Sets an alternative date for valuation of the taxpayer's actual basis in the project of which the building is a part (where the actual basis is more than ten percent of the taxpayer's reasonably expected basis). Allows the valuation of the actual basis to be as of the later of the date which is six months after the date that the allocation was made or (as currently) the close of the calendar year in which the allocation is made. Revises the formula for determination of the amount of State housing credit ceiling returned in a calendar year to include the dollar amount previously allocated to a project which fails to meet the ten percent test on a date after the close of the calendar year in which the allocation was made.

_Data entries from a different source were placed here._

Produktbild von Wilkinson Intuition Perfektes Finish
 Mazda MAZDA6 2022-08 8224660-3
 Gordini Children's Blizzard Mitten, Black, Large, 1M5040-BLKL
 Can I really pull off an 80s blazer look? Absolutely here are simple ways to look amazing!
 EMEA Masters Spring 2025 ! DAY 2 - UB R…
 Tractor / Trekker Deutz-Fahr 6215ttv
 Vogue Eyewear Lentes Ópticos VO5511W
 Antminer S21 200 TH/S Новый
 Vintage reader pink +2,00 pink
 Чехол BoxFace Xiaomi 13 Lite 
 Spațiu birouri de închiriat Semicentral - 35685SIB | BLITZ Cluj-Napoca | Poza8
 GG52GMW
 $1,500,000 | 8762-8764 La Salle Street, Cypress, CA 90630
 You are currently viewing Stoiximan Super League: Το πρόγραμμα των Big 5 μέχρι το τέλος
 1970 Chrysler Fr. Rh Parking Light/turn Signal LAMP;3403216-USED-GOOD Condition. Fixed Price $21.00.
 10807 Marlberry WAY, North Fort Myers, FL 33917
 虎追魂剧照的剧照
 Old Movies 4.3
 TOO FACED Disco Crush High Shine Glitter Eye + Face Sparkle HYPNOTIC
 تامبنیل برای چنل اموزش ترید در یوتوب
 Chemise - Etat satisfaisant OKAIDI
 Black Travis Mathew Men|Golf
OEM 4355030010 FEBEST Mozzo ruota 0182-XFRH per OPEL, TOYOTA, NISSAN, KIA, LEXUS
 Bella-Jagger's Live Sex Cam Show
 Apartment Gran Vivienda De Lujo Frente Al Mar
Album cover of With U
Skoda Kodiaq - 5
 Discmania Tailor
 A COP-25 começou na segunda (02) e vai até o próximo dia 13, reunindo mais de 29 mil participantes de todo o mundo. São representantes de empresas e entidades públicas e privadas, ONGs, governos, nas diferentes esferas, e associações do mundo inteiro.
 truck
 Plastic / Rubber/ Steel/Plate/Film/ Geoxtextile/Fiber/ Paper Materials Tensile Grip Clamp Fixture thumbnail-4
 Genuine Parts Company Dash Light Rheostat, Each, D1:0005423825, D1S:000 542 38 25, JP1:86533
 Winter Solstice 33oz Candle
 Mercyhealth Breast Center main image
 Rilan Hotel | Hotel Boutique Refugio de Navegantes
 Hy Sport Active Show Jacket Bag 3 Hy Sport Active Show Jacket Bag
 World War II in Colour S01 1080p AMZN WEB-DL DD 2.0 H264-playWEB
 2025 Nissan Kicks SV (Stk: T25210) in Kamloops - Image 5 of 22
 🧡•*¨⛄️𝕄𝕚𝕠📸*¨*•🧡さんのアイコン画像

Revises special rules for the increased basis of a building located in certain high cost areas to redefine a qualified census tract to include, as an alternative to existing criteria, a tract with a poverty rate of at least 25 percent.

(Sec. 506) Revises the formula for determining unused housing credit carryovers allocated among certain States.

Subtitle B: Private Activity Bond Volume Cap - Provides for an accelerated phase-in of specified increases in the volume cap on private activity bonds.

Subtitle C: Exclusion From Gross Income for Certain Forgiven Mortgage Obligations - Excludes from gross income the discharge of qualified residential indebtedness. Limits such exclusion to the excess (if any) of the outstanding principal amount of such indebtedness (immediately before discharge) over the sum of any sales proceeds and any other outstanding principal indebtedness secured by such property.

Title VI: Amendments to the Fair Labor Standards Act of 1938 - Amends the Fair Labor Standards Act of 1938 to increase the Federal minimum wage (currently, $5.15 per hour) to: (1) $5.65 an hour during the year beginning on April 1, 2000; and (2) $6.15 an hour during the year beginning on April 1, 2001.

(Sec. 603) Exempts from minimum wage and overtime requirements: (1) certain network or database analysts, designers, and developers, including any whose primary duty is the management or training of employees performing specified duties related to computer systems or software design, or development; (2) certain sales employees with specialized or technical product or service knowledge and a detailed understanding of customer needs, who earn at least one-and-a-half times the minimum wage, plus commissions, and meet other specified requirements; and (3) licensed funeral directors and embalmers.